Sebagai refleksi atas apa yang terjadi sepanjang tahun 2014, di penghujung tahun, Rabu (31/12) Fahmina bekerjasama dengan Radar Cirebon TV (RCTV ) menyelenggarakan talk show dalam program ‘Solusi Publik’ dengan tema ‘Dialog Lintas Generasi; Membaca Potensi Membangun Damai di Cirebon’.
Program tersebut diisi dengan dialog antar 3 narasumber, Marzuki Wahid dari Yayasan Fahmina, Devida sebagai Ketua Umum Pelita, dan Missi sebagai aktivis Pelita. Kegiatan ini dilaksanakan juga bertujuan untuk dapat melihat potensi apa yang akan terjadi di tahun 2015, baik dilihat melalui segi konflik maupun upaya damai, terutama dalam toleransi dan kebebasan beragama dan berkeyakinan.
Marzuki Wahid menjelaskan, bahwa di tahun 2014, konflik yang timbul atas nama agama menurun dibandingkan dengan tahun-tahun sebelumnya. Walau, lanjutnya kedepan tetap harus berhati-hati dengan akar konflik yang masih belum terselesaikan.

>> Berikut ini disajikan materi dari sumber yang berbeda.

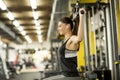 Young woman exercises on an exercise machine at the gym Royalty Free Stock Photo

“Tahun 2014, konflik atas nama agama relatif menurun di tingkat lokal Cirebon maupun ditingkat nasional Indonesia. Tetapi itu tidak menandakan bahwa kedepan tidak akan ada konflik, karena akar masalah masih belum dapat diselesaikan, baik yang akan menimbukan konflik antar agama, begitu juga inter agama” jelas Marzuki Wahid.

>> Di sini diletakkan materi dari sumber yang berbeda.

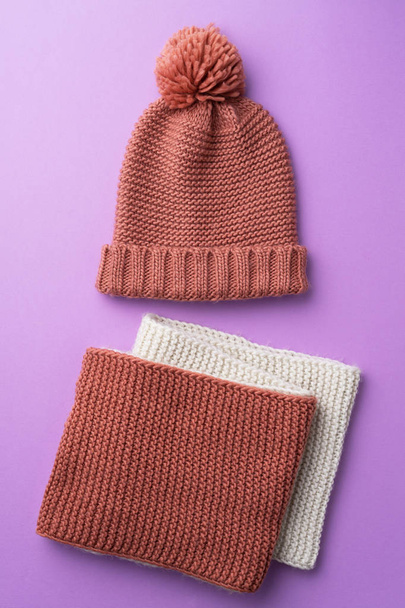 Knit winter hat and scarf over purple background - Zdjęcie, obraz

Menurut Devida, salah satu akar konflik atas nama agama adalah UU N0.1/PNPS/1965 yang membatasi hanya 6 agama di Indonesia. Hal ini pun berimbas kepada para penganutnya, dan kaum muda yang tidak mendapatkan haknya sebagai warga negara, seperti tidak dapat mengurus administrasi pernikahan, dan dianggap tidak memiliki ayah.
“Kalau hanya mengakui 6 agama, lantas bagaimana dengan agama lain serta berbagai kepercayaan leluhur asli Indonesia yang tidak tercantum dalam UU N0.1/PNPS/1965. Imbasnya kepada para penganut agama dan kepercayaan tersebut, terutama para pemuda sebagai generasi masa depan,” timpal Devida.
Akar konflik selanjutnya seperti kenakalan remaja, Missi berpendapat bahwa hal tersebut dikarenakan terbatasnya ruang ekspresi bagi para kaum muda. Karena pembangunan pemerintah yang tidak fokus untuk memperhatikan hal tersebut, selain dari pengaruh keluarga, sekolah dan lingkungan.
“Dalam melihat kenakalan remaja kita perlu melihat apa sebab dari munculnya tingkah tersebut, bisa saja karena pengaruh keluarga sendiri, sekolah dan lingkungan. Pemerintah juga berperan untuk membuka ruang ekspresi bagi pemuda, karena saat ini ruang tersebut masih terbatas,” tutur Missi.
Salah satu audiens, Rosidin dari Yayasan Fahmina juga berpendapat dalam melihat keadaan konflik ataupun damai sekalipun, kita harus tetap melihat apa yang ada dibalik semua itu.
“Kita jangan geger mendengar konflik ataupun diam saat damai, apa sebetulnya dibalik semua itu. Bisa saja damai karena dipaksakan, ditekan seperti suatu rezim terdahulu. Konflikpun apa yang membuat hal itu terjadi?” tambahnya.